═══ Raw data ═══

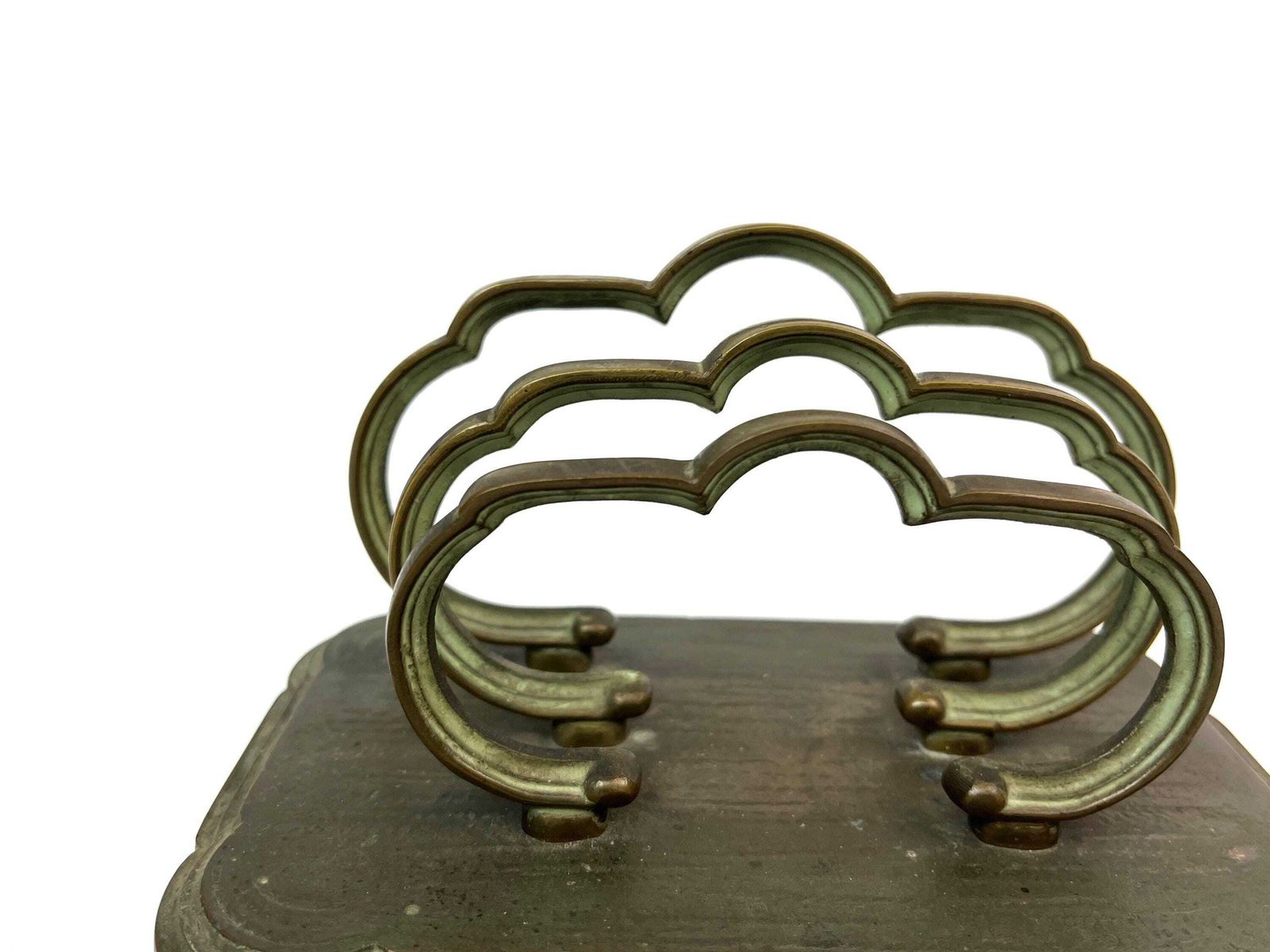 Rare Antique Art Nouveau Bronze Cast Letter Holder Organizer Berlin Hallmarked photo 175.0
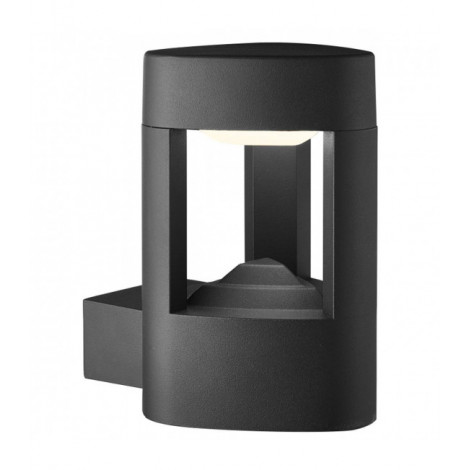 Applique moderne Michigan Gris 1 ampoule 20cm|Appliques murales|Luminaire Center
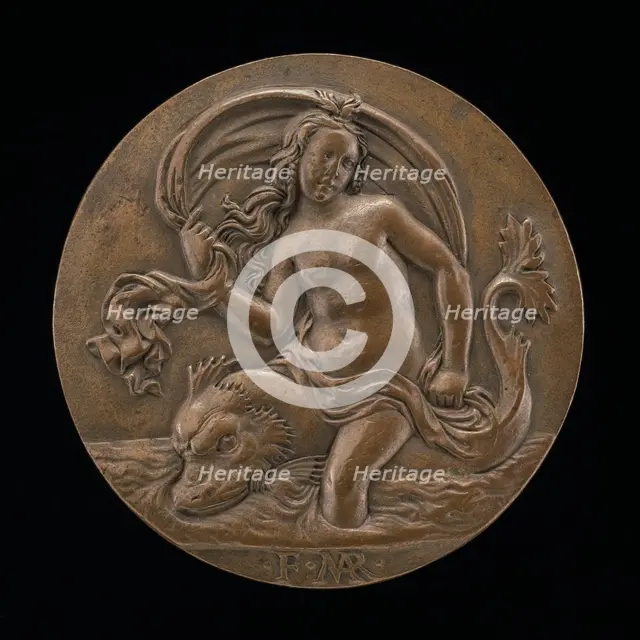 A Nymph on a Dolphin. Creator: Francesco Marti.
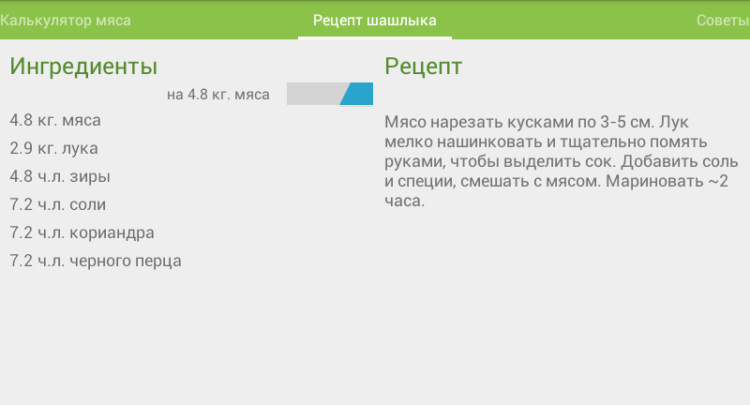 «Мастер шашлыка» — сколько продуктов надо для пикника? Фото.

═══
═══ Raw data ═══

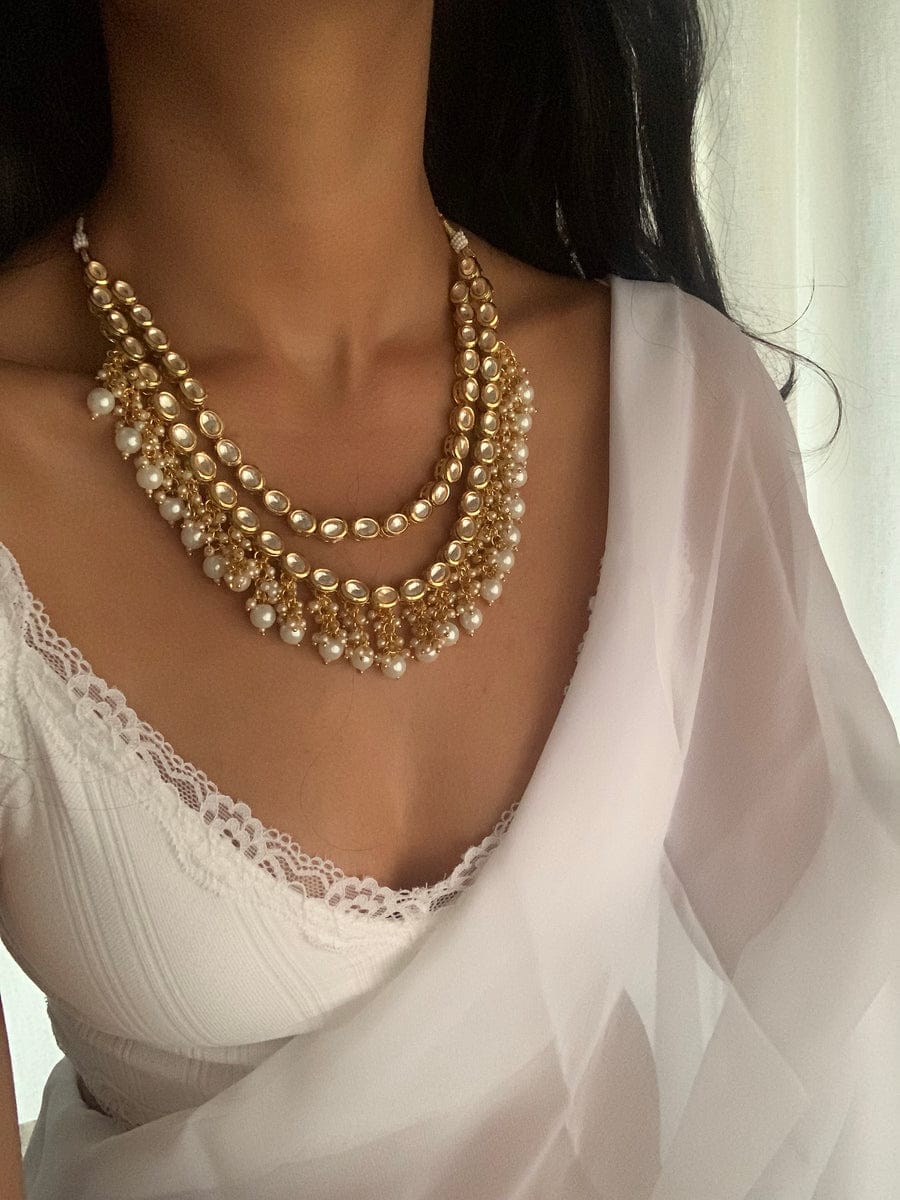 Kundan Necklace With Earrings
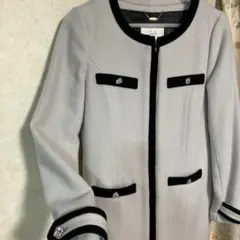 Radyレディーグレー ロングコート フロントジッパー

═══
═══ Raw data ═══

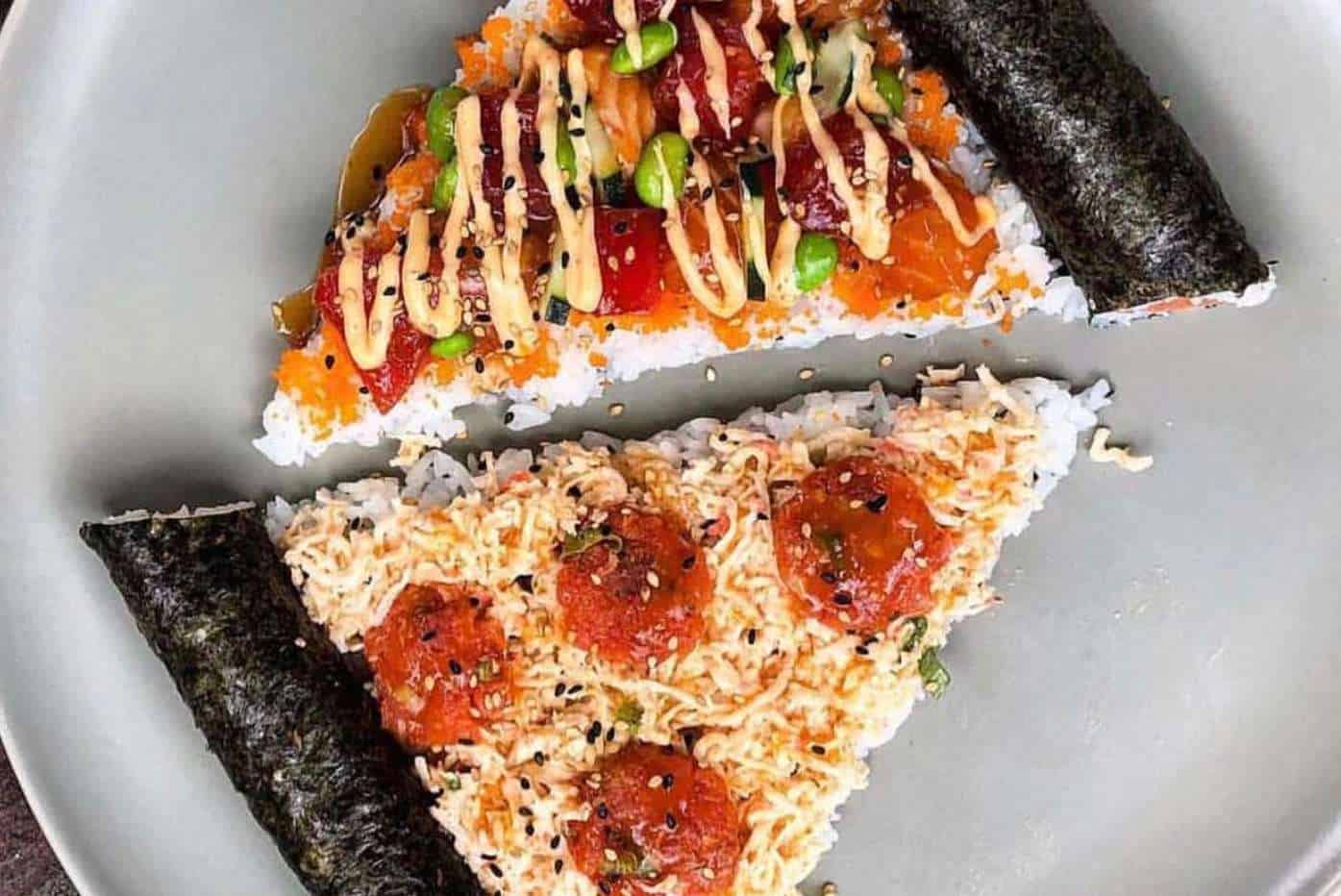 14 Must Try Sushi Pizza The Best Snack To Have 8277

═══

Task directions:
Print everything from the line with "Kundan Necklace With Earrings" down to the line with "Radyレディーグレー ロングコート フロントジッパー" in the entries above, both lines included and nothing more, without the pictures.

Exercise response:
 Kundan Necklace With Earrings
 Radyレディーグレー ロングコート フロントジッパー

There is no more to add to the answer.